Bradgate Park Fieldschool Season 1 (2015)
Where did we dig?
Our first fieldwork season ran between the 8th June and the 16th July 2015. The focus was the medieval moated site located to the west of Bradgate House, the courtyard of the House and one of the outbuildings. A poster summarising the aims of the Season 1 fieldwork programme can be downloaded here. The preliminary findings are described below, although more will doubtless be revealed as our analyses proceed.
The moated site
To the west of Bradgate House lies a moated site approximately 50 metres square. Received wisdom is that this was the medieval keeper's lodge when the extent of the deer park was much smaller than it is now. Geophysical survey in 2014 revealed the presence of a large stone building in the centre of the platform (see right) with an apparent rectangular projection in the north face, a possible revetment wall within part of the southern and eastern banks and a circular low resistance feature.

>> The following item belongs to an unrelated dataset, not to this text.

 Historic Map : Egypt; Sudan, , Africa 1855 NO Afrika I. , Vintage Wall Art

Four trenches were opened up over the site: to investigate the moat (Trench 1); to examine different parts of the building and a possible pit or well (Trench 2 and Trench 4) and; to look at the bank close to the presumed entrance to the platform (Trench 3). These all had to be de-turfed (or rather de-brackened!) by hand before excavating down to the required level. A test pit excavated in April 2014 had already revealed that the stonework lay close beneath the ground surface, so we did not want to risk machine stripping.

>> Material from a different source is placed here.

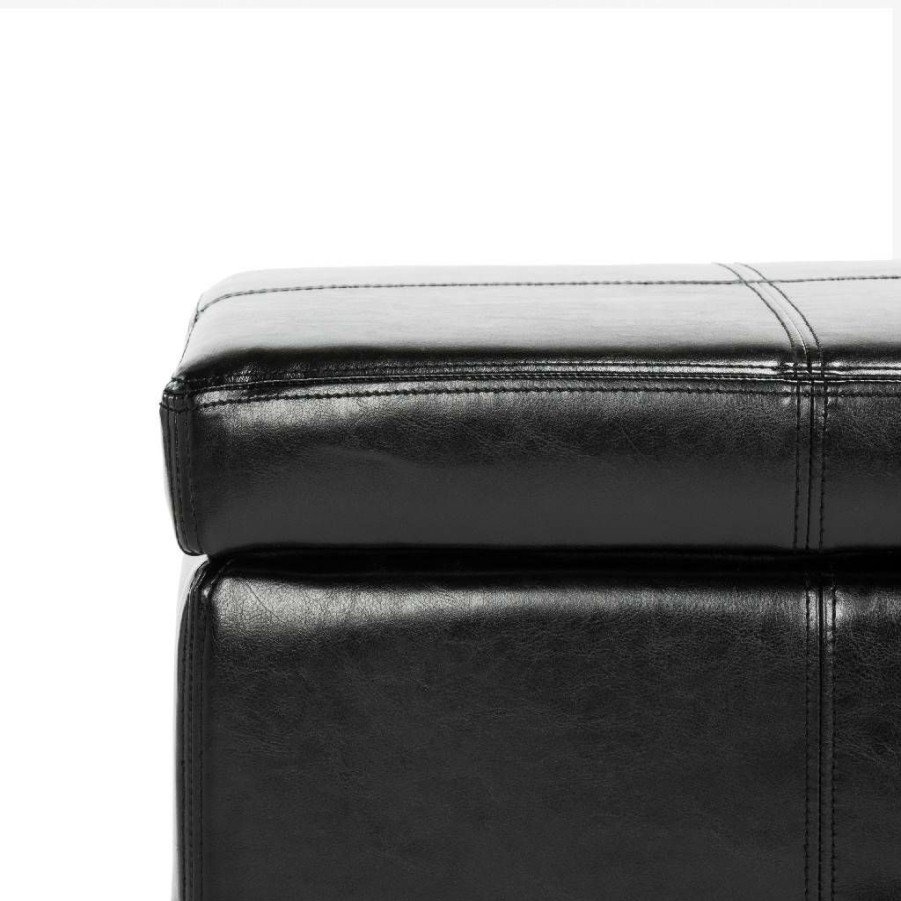 Living Furniture * | Shoping Madison Storage Bench Large In Black/Black Safavieh Hud8226B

The moat exists as an earthwork c.5m wide with a depth of c.1m; however, excavation showed that a further metre of sediment was present in the base of the ditch. At some point, a rather coarse stone drain was laid, presumably to improve water flow; unfortunately, there were few dateable finds from this feature. Examination of the bank in Trench 3 found that this did not contain a revetment wall, but there were hints of rubble consolidation, which probably explains the high resolution linear feature observed in the resistivity survey.
Trenches 2 and 4 explored the interior and exterior of the central building. Trench 2 encompassed the northern wall, including the northern projection, the north-eastern interior of the building and also an exterior area north of the structure. Trench 4 focused on the south-western part of the building and the area beyond. Initial excavation of both trenches revealed a mass of stone and slate rubble, particularly concentrated over the rectangular projection. Careful removal of the rubble layers revealed stone wall lines, although these differed in width and construction. For example, towards the eastern end of the building the wall was only 0.40m wide, however, it was a much more substantial 0.70m around the rectangular extension.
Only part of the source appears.